When TV Walked on the Moon

The 40th anniversary of the moon landing coinciding with Walter Cronkite’s death was a kairotic moment in the evolution of television. Considering what TV is today compared to four decades ago, it’s unfathomable to perceive it 40 years from now.

TVs now are sharper than the human mind. (Bites tongue.) They can be the size of a movie screen or a wallet. Content can be transmitted globally with minimal delay. Images of deep space can be viewed on cell phones.

Back in the day, our TV was a console RCA with a rounded screen and metallic-threaded speaker cloth. It delivered images of the Michelin Man bouncing around on the moon. It brought home the Vietnam War; guys dragging bandaged buddies off the front line, chatting with Dan Rather.

It seems content has changed as much as technology.

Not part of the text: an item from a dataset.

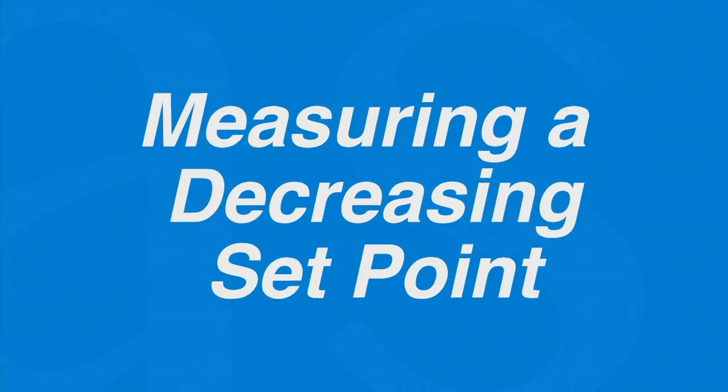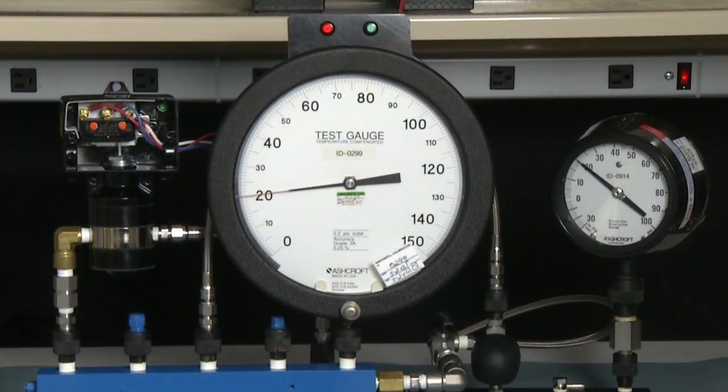Now we're going to set a decreasing set point with the same switch. This is a 100 psi D range switch. We just set it to 80 psi D increasing. Now we're going to set it to 20 psi D decreasing. In this case, where we have the static pressure at 20 pounds, 20 psi D decreasing will measure 40 psi on the gauge. To start, we're going to take the switch to full range — 20 plus 100 — so it will be 120 psi on the gauge.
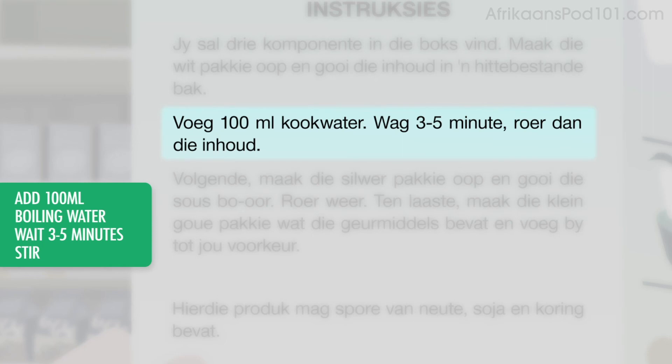Voeg 100 milliliter kookwater. Wag 3 na 5 minute. Roer dan die inhoud.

Those war images were unvarnished, to the ire of Lyndon B. Johnson. Subsequent Commanders-in-chief would endeavor to control media coverage of war, though its reality would always filter back into communities in the form of bereft families and prosthetic limbs.

People say there won’t be another Walter Cronkite; another patriarchal authority figure speaking truth to power. That’s probably true, but bemoaning it is inconsequential, like any form of longing for the old days. The past is gone, as always. The lines between the estates are so blurred as to be semantically established vis-à-vis “citizen journalism.”

On the other hand… Neil Armstrong’s stroll on the lunar surface 40 years ago is still worthy of waxing nostalgic. Something like 600 million Earthlings were said to see it on cathode ray tubes around the world. This was just 60 or so years after the first successful sustained human flight, and some 40 years after the first experimental TV transmissions—teeny blips in the time-space continuum. Armstrong embodied America’s notion of itself as capable, inventive and adventuresome. His one small step erased for a moment Vietnam and the twin assassinations a year earlier of Bobby Kennedy and Martin Luther King, Jr., who both represented conscientious principles by which many Americans wished to be identified. In the wake of so many maturing tragedies that launched the Age of Cynicism, the achievement of Apollo 11 viscerally reminded us of the better angels of our nature.

It did so through those CRTs on their way to obsolescence. Let’s see 4G iPhones touch their cultural impact.